Image-text web data:
□ □ □ □

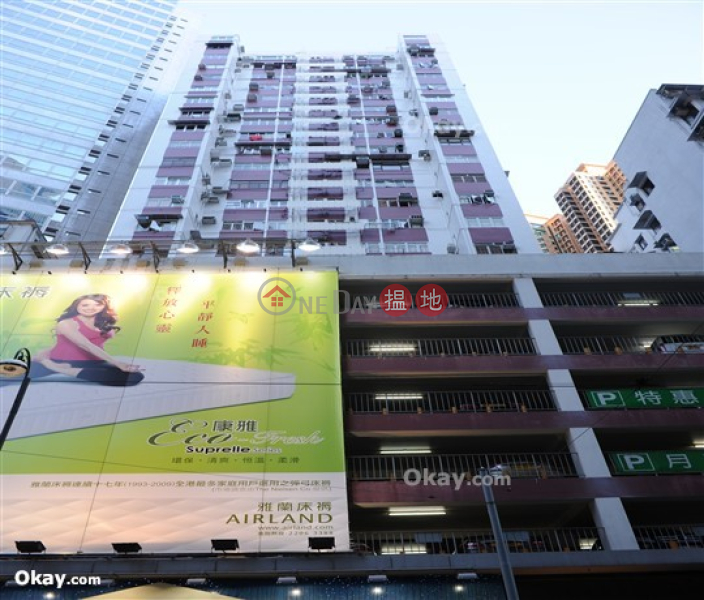HK$ 28,000/ month H & S Building Wan Chai District, Tasteful 2 bedroom in Causeway Bay | Rental
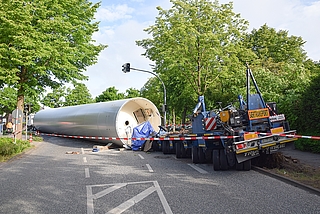 Das Turmsegment liegt auf dem Heidmühlenweg. (Foto: Frank)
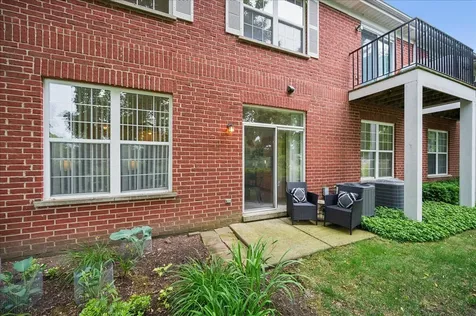 992 Enfield Drive Northbrook IL 60062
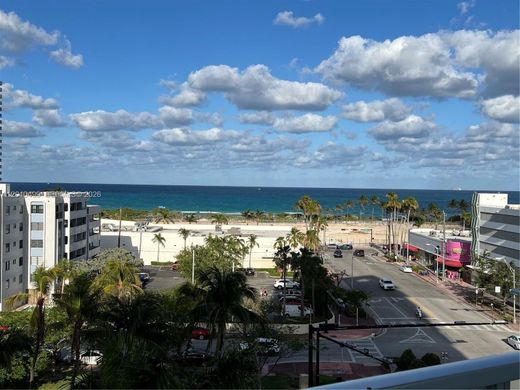 Residential complexes in Miami Beach, Miami-Dade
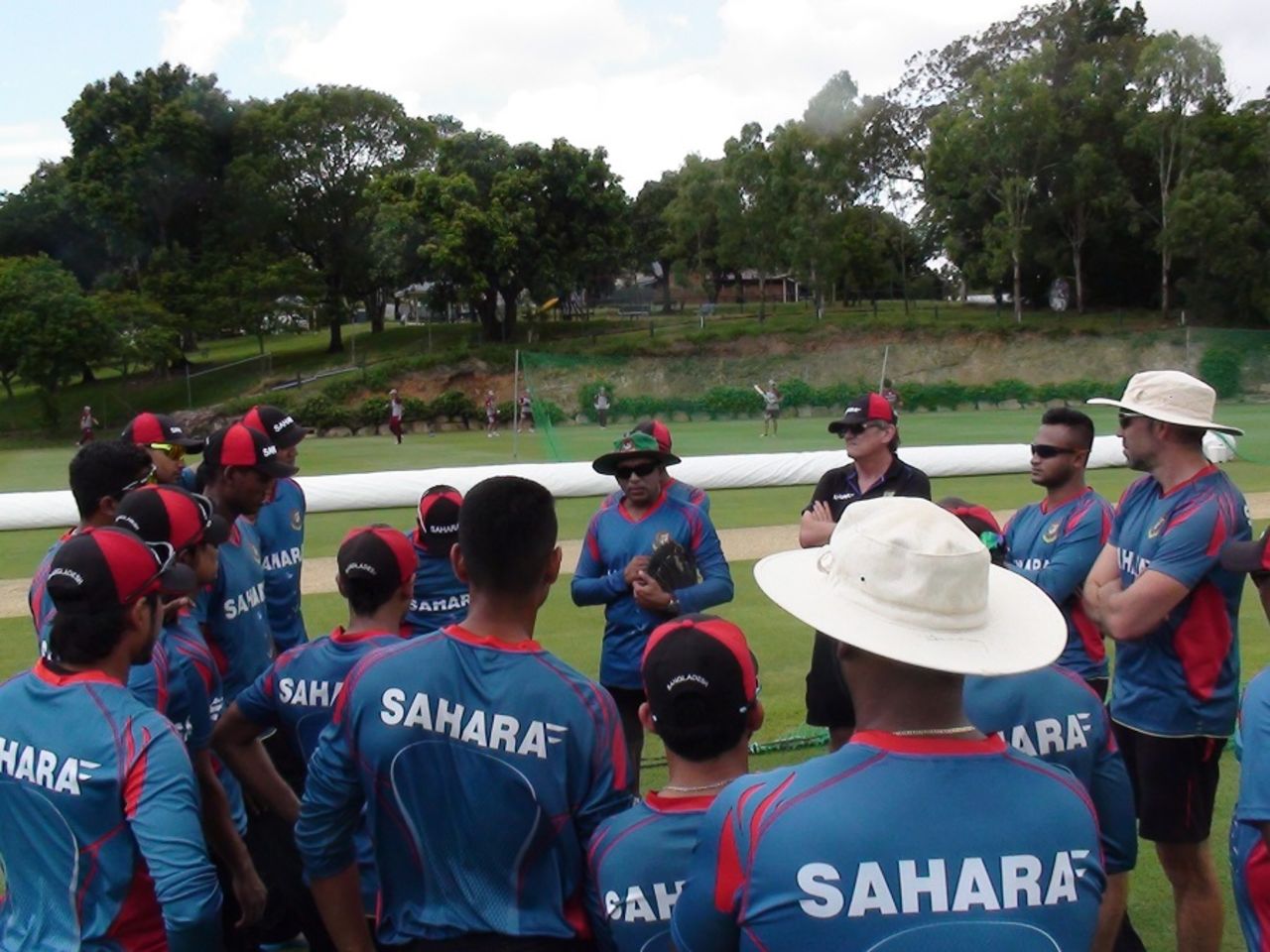 Chandika Hathurusingha leads the Bangladesh team talk, Brisbane, January 27, 2015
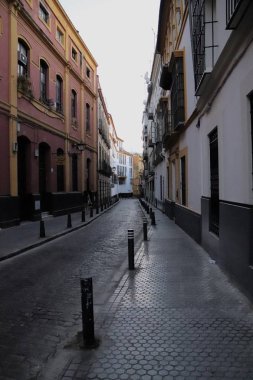 Öğleden sonra Alley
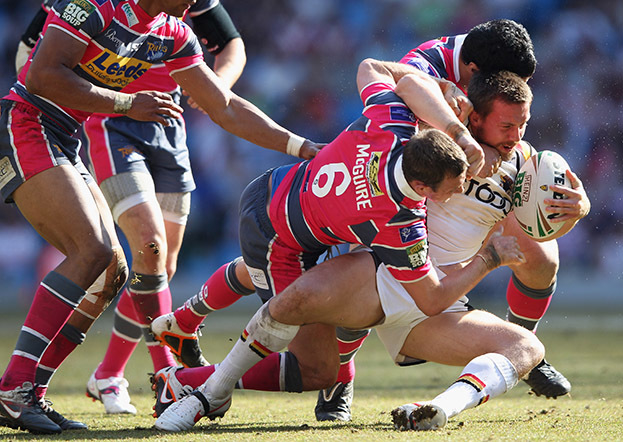 Брин Харгривс (в белом).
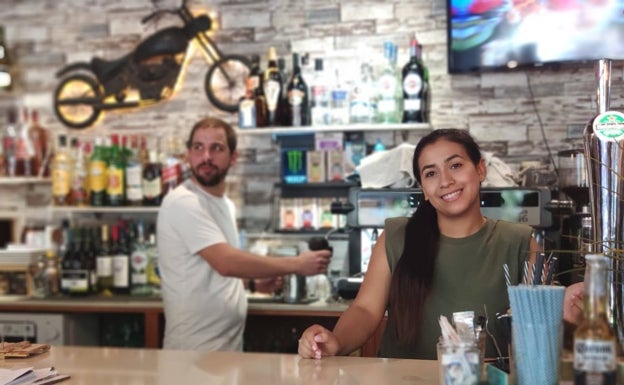 Jean y Adriana, en el restaurante Tránsito de comida venezolana en la avenida de Francia.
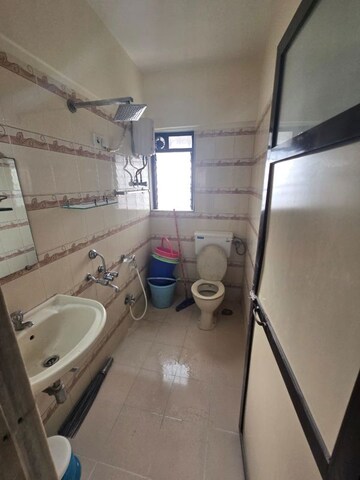 Master Bedroom in 3 BHK Apartment at West View Vile Parle West, Vile Parle West – for Rent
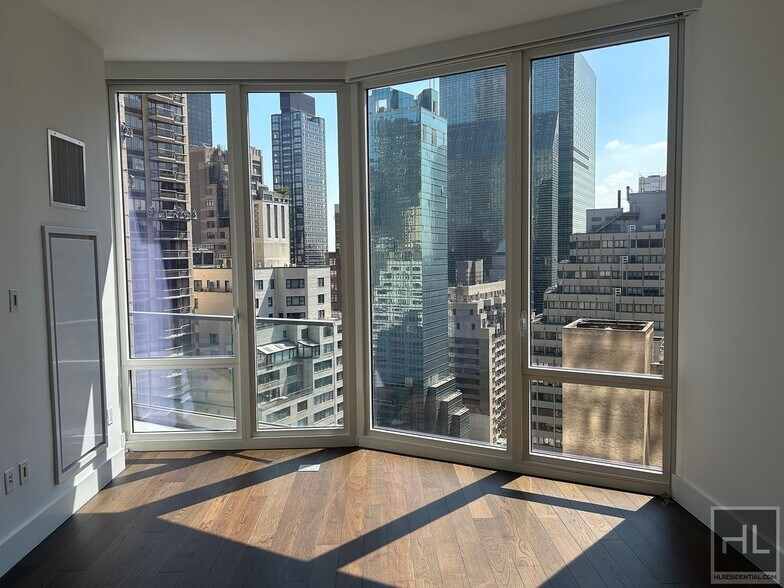 Building Photo - East 44th Street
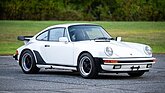 Image: Porsche 911 Turbo Coupe (1987) - as 117 at the Broad Arrow "The Las Vegas Auction" 2025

□ □ □ □

Exercise requirements: Drop every picture, then write out the remaining entries above exactly as they appear.

Answer for the task:
HK$ 28,000/ month H & S Building Wan Chai District, Tasteful 2 bedroom in Causeway Bay | Rental
 Das Turmsegment liegt auf dem Heidmühlenweg. (Foto: Frank)
 992 Enfield Drive Northbrook IL 60062
 Residential complexes in Miami Beach, Miami-Dade
 Chandika Hathurusingha leads the Bangladesh team talk, Brisbane, January 27, 2015
 Öğleden sonra Alley
 Брин Харгривс (в белом).
 Jean y Adriana, en el restaurante Tránsito de comida venezolana en la avenida de Francia.
 Master Bedroom in 3 BHK Apartment at West View Vile Parle West, Vile Parle West – for Rent
 Building Photo - East 44th Street
 Image: Porsche 911 Turbo Coupe (1987) - as 117 at the Broad Arrow "The Las Vegas Auction" 2025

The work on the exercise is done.